Я поднял глаза на Шершня. Тот понял в чём дело и сказал: «Не боись, Студент, всё схвачено, изучай географию родного края. За эти бумаги никто не схватится – в Генштабе теперь не до них». Я переспросил: «Что, война что-ли?». Шершень по своему обыкновению коротко хохотнул и произнёс: «Скоро узнаешь, но уж лучше бы война». Так я и остался тогда в неведении, что он имел в виду.
На прощанье Шершень меня вновь озадачил, но теперь конкретным поручением – типа, я им остался должен за дополнительные услуги по добыче карт. Ну, должен, так должен – я не против, надеюсь, никого при этом убивать не потребуется? На мои сомнения Шершень ответил вот что: «Там в Ельце на месте, откуда стрелял снайпер, ни местные менты, ни наши ребята ничего не нашли, в смысле, ни следов – всё затоптано, ни окурков, ни стрелянных гильз (стрелок подобрал, аккуратный). Мало того, пули, которые удалось выковырнуть из двери и из трупов оказались из специального сплава, деформированные настолько, что невозможно идентифицировать само оружие. Так вот, Студент, полазай по тому чердаку - ты малый ловкий и сообразительный, - может, чего и нароешь. Но тянуть нельзя, поэтому тебе надо оказаться там сегодня же. Сейчас тебя подбросят до грузового двора Павелецкого вокзала, там к тебе подойдёт водила с нашей фуры, которая идёт через Елец на юг – он тебя довезёт туда и потом, как осмотришься – до твоего города».
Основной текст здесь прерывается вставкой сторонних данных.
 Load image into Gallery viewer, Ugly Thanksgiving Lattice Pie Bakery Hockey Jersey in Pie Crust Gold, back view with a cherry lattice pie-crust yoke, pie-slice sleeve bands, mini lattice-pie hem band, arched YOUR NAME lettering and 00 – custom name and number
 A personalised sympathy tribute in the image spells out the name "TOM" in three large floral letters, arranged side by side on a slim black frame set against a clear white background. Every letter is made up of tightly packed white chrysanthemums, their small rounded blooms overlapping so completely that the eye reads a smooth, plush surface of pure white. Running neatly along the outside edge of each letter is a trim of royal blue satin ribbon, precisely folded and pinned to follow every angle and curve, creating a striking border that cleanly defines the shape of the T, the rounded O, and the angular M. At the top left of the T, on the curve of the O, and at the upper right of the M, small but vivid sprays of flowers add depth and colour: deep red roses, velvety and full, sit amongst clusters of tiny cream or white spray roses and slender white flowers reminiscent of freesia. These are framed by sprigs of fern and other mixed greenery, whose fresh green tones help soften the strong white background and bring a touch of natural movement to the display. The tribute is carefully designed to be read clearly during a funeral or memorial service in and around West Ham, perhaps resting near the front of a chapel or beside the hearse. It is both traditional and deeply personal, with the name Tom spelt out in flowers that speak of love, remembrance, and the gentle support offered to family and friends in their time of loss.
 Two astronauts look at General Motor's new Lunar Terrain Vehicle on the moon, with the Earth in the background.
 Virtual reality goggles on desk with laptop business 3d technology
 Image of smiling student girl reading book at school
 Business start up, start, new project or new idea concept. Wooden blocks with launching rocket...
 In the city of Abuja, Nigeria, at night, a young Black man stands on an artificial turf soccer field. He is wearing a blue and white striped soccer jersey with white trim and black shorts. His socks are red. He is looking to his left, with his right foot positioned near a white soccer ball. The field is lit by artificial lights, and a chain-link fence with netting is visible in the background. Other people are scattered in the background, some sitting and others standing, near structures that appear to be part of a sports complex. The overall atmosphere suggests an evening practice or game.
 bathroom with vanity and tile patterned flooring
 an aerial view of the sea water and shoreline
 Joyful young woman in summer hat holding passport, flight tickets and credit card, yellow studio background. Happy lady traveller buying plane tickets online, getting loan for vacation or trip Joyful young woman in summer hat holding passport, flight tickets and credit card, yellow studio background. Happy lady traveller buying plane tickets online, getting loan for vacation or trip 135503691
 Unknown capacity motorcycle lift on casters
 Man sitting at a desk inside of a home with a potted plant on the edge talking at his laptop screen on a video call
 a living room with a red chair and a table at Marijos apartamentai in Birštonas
В общем, это было предложение, от которого не отказываются и я, понятное дело, согласился.
До нужного дома в Ельце мы добрались ближе к вечеру, только начали сгущаться сумерки. В том особняке на первом этаже располагались какие-то конторы, а на втором жилые помещения коридорного типа. На чердак вела захламленная деревянная лестница без перил. Уже на второй ступени я поскользнулся на какой-то липкой дряни и, качнувшись вбок, невольно задел торчавший из стены кривой гвоздь – чуть пузо себе не ободрал.
Полусгнивший люк открылся довольно легко и я, включив фонарик, прошел к слуховому окну, откуда стрелял тогда снайпер. Ничего особенного я там не увидел – какие и были следы – всё было затоптано, а все окурки подобраны. Начал спускаться назад и тут в башке сработал некий тумблёр: я осмотрел тот самый гвоздь и обнаружил на нём клочок материи – неровный треугольник незнакомой мне ткани тёмного цвета. Я его забрал с собой. О чём и доложил на следующий день Шершню по телефону. Тот велел передать этот клочок через шофёра ему в Москву – тот должен был заехать ко мне на обратном пути.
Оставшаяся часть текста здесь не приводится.